White House spokesman Jay Carney, in announcing the visit, also failed to mention the peace process as a reason for going.
“The start of the president’s second term and the formation of a new Israeli government offer the opportunity to reaffirm the deep and enduring bonds between the United States and Israel,” he told reporters. He added that it would give the president the chance to discuss “the way forward on a broad range of issues of mutual concern” with Israeli leaders.
The only issues he named specifically: “Iran and Syria.”
Malcolm Hoenlein, one of American Jewry’s most veteran and savvy observers of Washington politics, suggested the administration would use the trip to “at least explore” possibilities for renewed peace talks.
“The purpose is clearly to push the peace process. And Kerry has indicated it will be a priority for him. The question is, will [Obama] come with a specific proposal?”
But a source close to the administration told The Times of Israel Tuesday that “we really don’t know” the rationale behind the trip.
“It’s obvious that at the moment there’s no immediate public reason to go. If [Obama] was going for the peace process, why would he go now?” the source, who asked to remain anonymous, admitted.
The White House will find a reason –- a policy proposal or agreement -– to justify the visit, the source said, but suggested the visit was likely not intended to achieve a major policy breakthrough.
“I’d find it hard to believe he’d agree to go if there wasn’t something to show for it. I’ve got to believe he’s got to have something to talk about. There’s got to be some policy.”
As pundits scratch their heads, it may be worth recalling the most prosaic reason Obama might be making the trip: because he said he would.

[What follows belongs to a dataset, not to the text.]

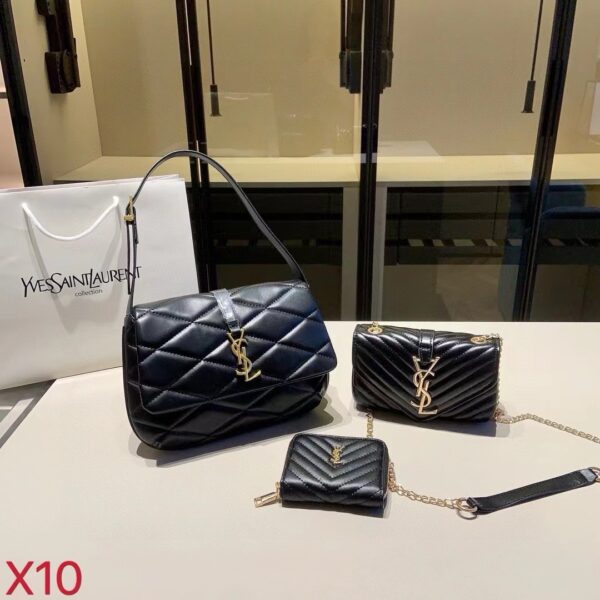 DBS-LC880 - Discounted Price For Set Saint Laurent 3 Bags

During the election campaign of 2012, while Republicans worked to depict him as anti-Israel, the president’s aides promised he would visit the Jewish state if reelected. Former deputy assistant secretary of defense for the Middle East Colin Kahl told reporters in June 2012 that “we can expect [Obama] to visit Israel in a second term should he be elected.”
The promise was doubly significant after Obama was criticized for failing to visit Israel on his first trip to the region in June 2009 when he delivered his famous “Cairo speech” to the Muslim world.
Obama’s attempt to fulfill that promise to his many pro-Israel supporters (and donors) may be driving him to a visit that carries with it little potential benefit and is fraught with political traps.
If Obama will, as announced, visit the West Bank during the trip, he may have to contend with a reception in Ramallah constructed in such a way as to force him to implicitly acknowledge Palestinian statehood. What will the American president say on a podium festooned with a “State of Palestine” banner and – a likely scenario – a map of Palestine in which Israel does not exist?
If they haven’t yet realized the potential pitfalls, Obama’s Middle East advisors soon will, and their impending frustration will be understandable. Obama faced withering criticism in the Jewish community for failing to visit Israel in 2009. Now that he’s announced a visit, many are asking, “What for?”
Though little of substance is likely to come of such a visit, it will nevertheless be recognized in Israel for what it is: a complex gesture of support for the US-Israel relationship. Some are understandably expecting fireworks when an invigorated, reelected president visits a stubborn, thankless region, perhaps on the theory that an unstoppable force is about to meet an immovable object. But Obama is more likely to adopt a cautious, “do-no-harm” approach.
He promised he would visit. He didn’t promise he would like it.